2) DD builds things. DS2 wrecks them. Yesterday, dd built a "house" with a fort building set. She and ds2 played in it for a few minutes, and both agreed that it was a "brilliant" fort. Then, they went to do some other things. A bit later, ds2 knocked the fort over. A couple sticks came loose, but it was mostly intact. DD immediately started screaming and crying and telling her brother she hates him. Then, she pulled a stick out of the roof, and started flailing it around. I was standing up and about to intervene (try to calm her down and stand the fort back up), when she connected with the roof of the fort, knocking all the sticks out. I said, "dd, stop" as I stepped towards her, and ds2 started to cry - she'd caught him in the face with the stick. I immediately got him out of the line of fire, and pulled him over to check on him, while also taking the stick from dd. She totally destroyed her fort, and told me she "had to" because her brother had already wrecked it. She was absolutely hysterical and it took about 20-30 minutes to get her calmed back down. She's done this a couple other times recently, too - completely destroyed something she was proud of, because ds2 did something to it (eg. a lego figure that he broke in half, and could easily be stuck back together again).
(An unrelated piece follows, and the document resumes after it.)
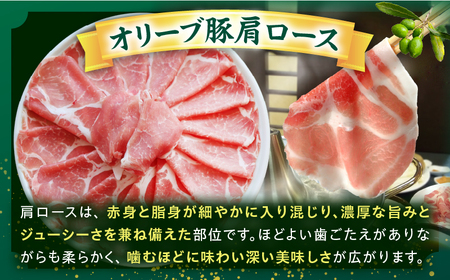 しゃぶまる特製　オリーブ豚肩ローススライス　しゃぶしゃぶ用　2kg| 肉 豚肉 オリーブ豚 肩ロース ジューシー スライス 鍋 しゃぶしゃぶ 冷しゃぶ とろける 濃厚 冷凍 香川県 三木町 おすすめ |_mk146-068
3) DD was out on the patio, drawing a picture yesterday. DS2 wanted to play with a squirter. So, I told him he could, as long as he kept the water away from dd, but that if he got her or her picture wet, the bucket would be dumped, and the squirter put away. I told dd to call me if he got her wet, and I'm come deal with it. Things were fine for about 10 minutes, then I heard dd screaming and crying hysterically (again). I jumped up, and she was hitting ds2, and trying to take the squirter from him, and calling him a "little brat". They were both in tears. I eventually got the squirter taken away, and brought them both inside (dd needed to change, because her dress was wet). She never said anything to me when he started squirting at her...just launched herself at him and went ballistic.

This stuff is going on multiple times a day. I'm not coping with it well, and I know that. The constant screaming, yelling, hitting and hysteria just sets my teeth on edge. So, I'm not sure of the best way to deal with the incidents.

But, more than that - I don't know what's causing this. She's never been one to lash out physically (occasionally threw something as a toddler, but that's about it). She hasn't freaked out like this since she was really, really, really little. I'm not sure she's every had so many meltdowns per day.

I'm about 99% sure that this is related to the baby on the way. She remembers my last c-section, and how bad my recovery was. She also remembers - obviously - that I didn't come home with a baby. I'm sure she's at least a little worried that this is going to happen again. This is probably all contributing in some way, but I can't get a handle on what's going in that brain of hers. Any thoughts??

I also know that ds2 is very, very, very frustrating to deal with. He randomly hits people (not angry - he thinks it's funny sometimes, and sometimes, he's just trying to interact), breaks things, etc. He doesn't listen well at all. He gets to everybody in the house sometimes, but dd's reactions have become _so_ extreme.

Sorry - this ended up being longer than I expected...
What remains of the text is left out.